Las plagas que han azotado a la humanidad desde tiempos bíblicos han tenido sus relatores. Son famosos los diarios de Samuel Pepys y Daniel Defoe sobre las plagas en la Inglaterra del siglo XVII. Y en México contamos con invaluables crónicas y testimonios pictográficos sobre las pestes que diezmaron a la población indígena en los siglos XVI y XVII.
También la memoria judía guarda testimonios. Debo a mi amigo Leon Wieseltier la noticia de un raro manuscrito sobre la peste bubónica en el norte de Italia en el siglo XVII. Su autor fue un doctor llamado Abraham Catalano. Su título podría ser el de nuestro tiempo: El mundo de cabeza (Olam Hafukh, en hebreo). Existe una traducción parcial al inglés. Comienza así:
He sido testigo del dolor que la terrible plaga provocó en la ciudad de Padua y en sus perplejos habitantes en el año de 1631. En esta obra, testimonio de mi recuerdo y mi aflicción (yo, siendo Abraham Catalano), amargamente me dirijo a las futuras generaciones, a los niños no nacidos, para que conozcan en detalle los hechos tal como sucedieron.
El recuento es estremecedor no solo por lo que narra sino por el modo en que se narra. Catalano -judío religioso, como todos entonces, pero graduado en la Universidad de Padua- registra con detalle lo que ve, y lo que ve habla por sí mismo. Al irrumpir la plaga, la pequeña comunidad judía concentrada en el Ghetto (721 personas, el 2% de la población total) reaccionó con pavor ante la posibilidad de verse inculpada -como tantas veces en la Edad Media- de envenenar los pozos para provocar la peste. No ocurrió, por fortuna. De hecho, el Provveditore (autoridad civil de Padua, dependiente de Venecia) contribuyó al esfuerzo común de prevenir contagios y salvar vidas fuera y dentro del Ghetto. Librado el escollo, la comunidad hizo imprimir un rezo específico de imploración a Dios y se congregó a leerlo con gran aflicción, para que cesara el castigo. No tuvo eco.

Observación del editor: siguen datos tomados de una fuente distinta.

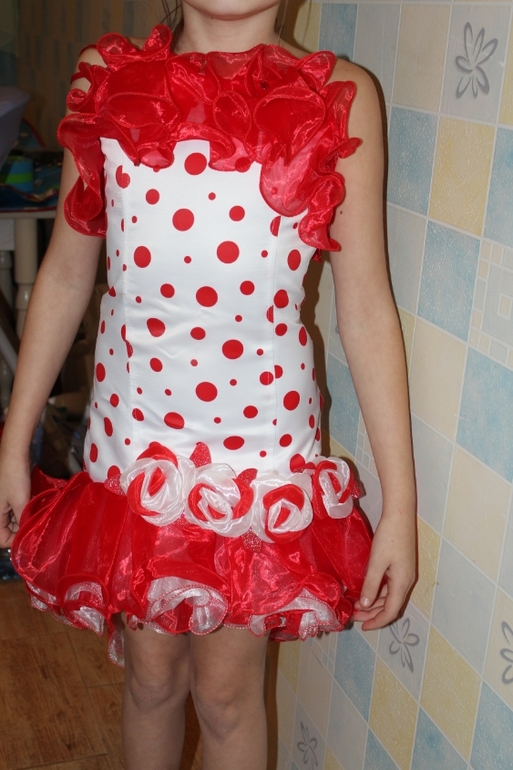 Нарядное платье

La plaga no golpeó de inmediato a aquellas familias confinadas desde hacía siglos en un espacio mínimo. A sabiendas de que el contagio era inevitable, se organizaron acciones prácticas: acopio de recursos monetarios y víveres («comida, vino, aceite»), apoyo a las familias más pobres, monitoreo del avance de la plaga en la ciudad, aislamiento entre las familias, medidas de higiene en las casas, regulación de servicios religiosos, vigilancia del tráfico en las puertas del Ghetto. A pesar de que los niños mostraron más resistencia al contagio que los mayores, sobre todo los ancianos, la plaga llegó transmitida por un niño que no resistió la tentación de jugar con sus amigos sin saber que acarreaba el mal.

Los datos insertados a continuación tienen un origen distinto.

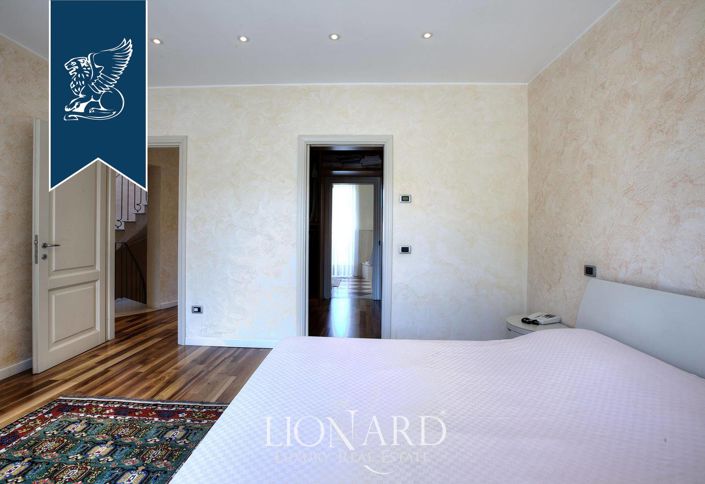 Image No.31-Villa de 4 chambres à vendre à Como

Se discurrió rentar una casa fuera de la ciudad que sirviera de lazareto. Hasta ahí llegaban los enfermos. Y de ahí salían, en una carreta, las procesiones solitarias al cementerio. Catalano llevó la cuenta precisa de la tragedia: las treinta viudas que quedaron sin protección, las quince casas sin un alma, el niño que quedó huérfano y en la absoluta pobreza tras la pérdida de sus once familiares. Y el desgarrador detalle:
El diez del mes Tamuz, la mujer de Solomon Turkito dio a luz mientras estaba enferma y no hubo nadie que se atreviera a estar con ella. Salió hacia el pozo completamente desnuda, gritando como demente y murió. No se halló mujer que amamantara al niño, así que, lamentablemente, se lo envió al lazareto donde llevaron a una cabra para que el niño mamara de sus ubres. Vivió quince días.
La peste dejó diez mil muertos en Padua, la tercera parte de la población. En el Ghetto murieron 421 personas, más de la mitad de aquella comunidad.
Catalano había rentado una nueva casa donde cobijó a su esposa y sus hijos. Dejó tras de sí todas sus pertenencias, «hasta las agujetas». Fue inútil. «También Sara, mi piadosa mujer, murió en la casa nueva […] Habíamos vivido juntos veintiún años». Y transcribió una plegaria sobre el duelo del patriarca Abraham por su mujer: «Fuiste una imagen de belleza […] que duerma Abraham en los brazos de Sara».
¿Quiénes son nuestros muertos? ¿Quién acompaña los rezos de sus deudos? ¿Quién contará su historia?